All i want for Christmas is HIM


Ugh I'm all for spending time with family but what do you do when you get so horny you might actually snap?

It's been almost 2 weeks since I've been controlled and with Christmas being such a stressful time as it is, I need that release. Yet I'm over 300 miles away from Daddy and no amount of naughty talk over the phone can make up for feeling his hand on my throat as he kisses me or him pinning me down as he makes me shake.

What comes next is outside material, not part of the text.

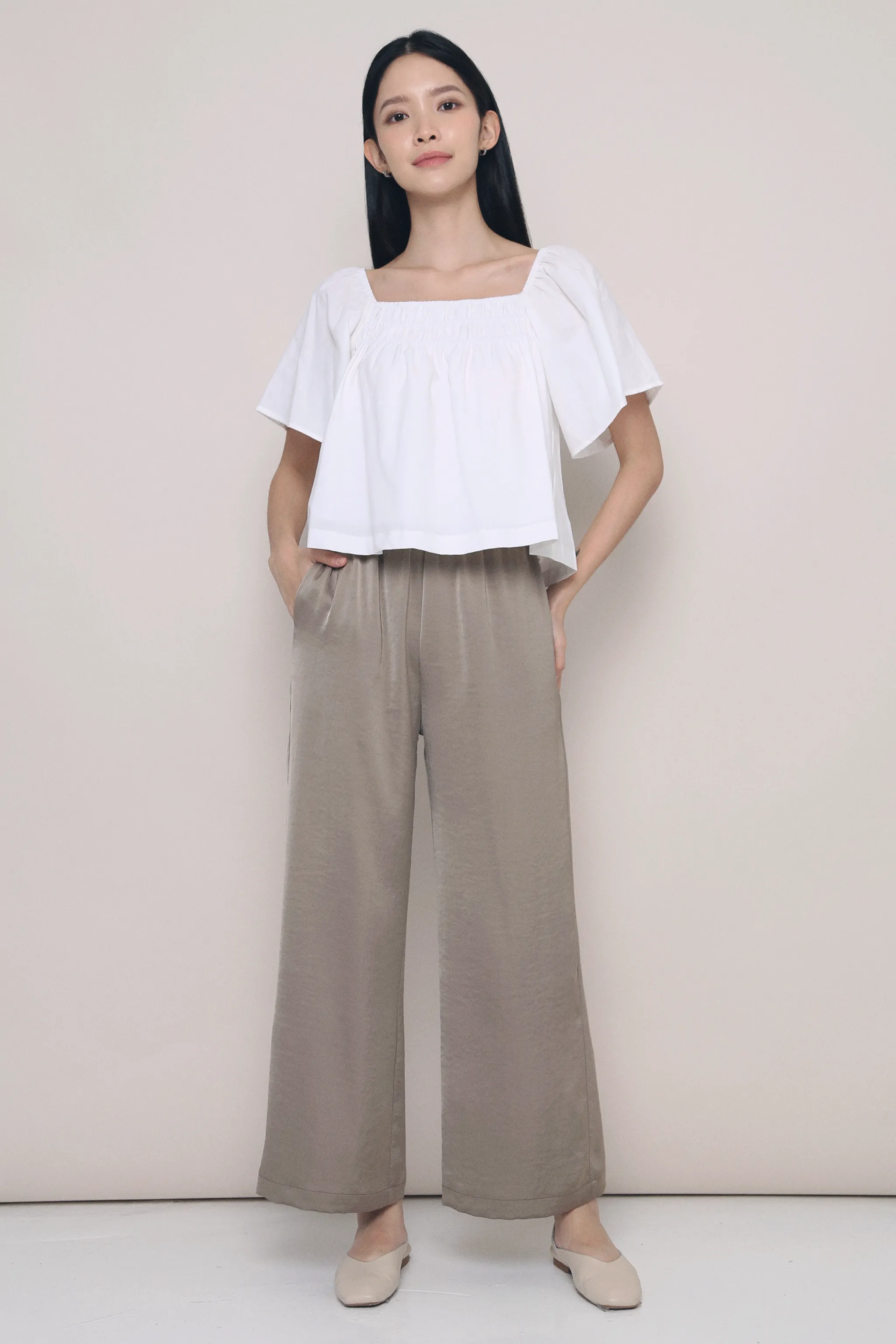 Jael Flutter Sleeves Top White FlexibleNeckline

Sometimes I hate having such a high sex drive. One of the things every guy thinks is fab about being with a nympho is "yes, she's always up for it" and yeah to a certain extent I am. But it also means when I don't get it? I'm a right bitch And the longer it goes the more pissy I get. Even my friends pick up on the drastic mood swings. I feel bad for Daddy as my inner brat is definitely in charge at the moment. Who knows when I'll get to see him next too so I can guarantee I'm gonna have wracked up a few punishments by then.

Still, it's kinda fun being able to sneak to the loo and send him a quick snap of my nipple in my lace bra or a cheeky ass shot. Especially as he's working and there is nothing he can do about it. If I'm gonna be miserable, I'm gonna spread that shit about.

Another thing that being away from him is bad for, the bank balance. I've been shopping over Christmas but not for any gifts I can share with family. No these are for my private toy box ... which is gonna be overflowing by the time I get finished.

Still, you can never have too many toys can you?

Maybe Santa will bring me a bigger toy box along with the Lovense Lush 2 I've been fantasizing over. Now that is a toy I wanna try out!!!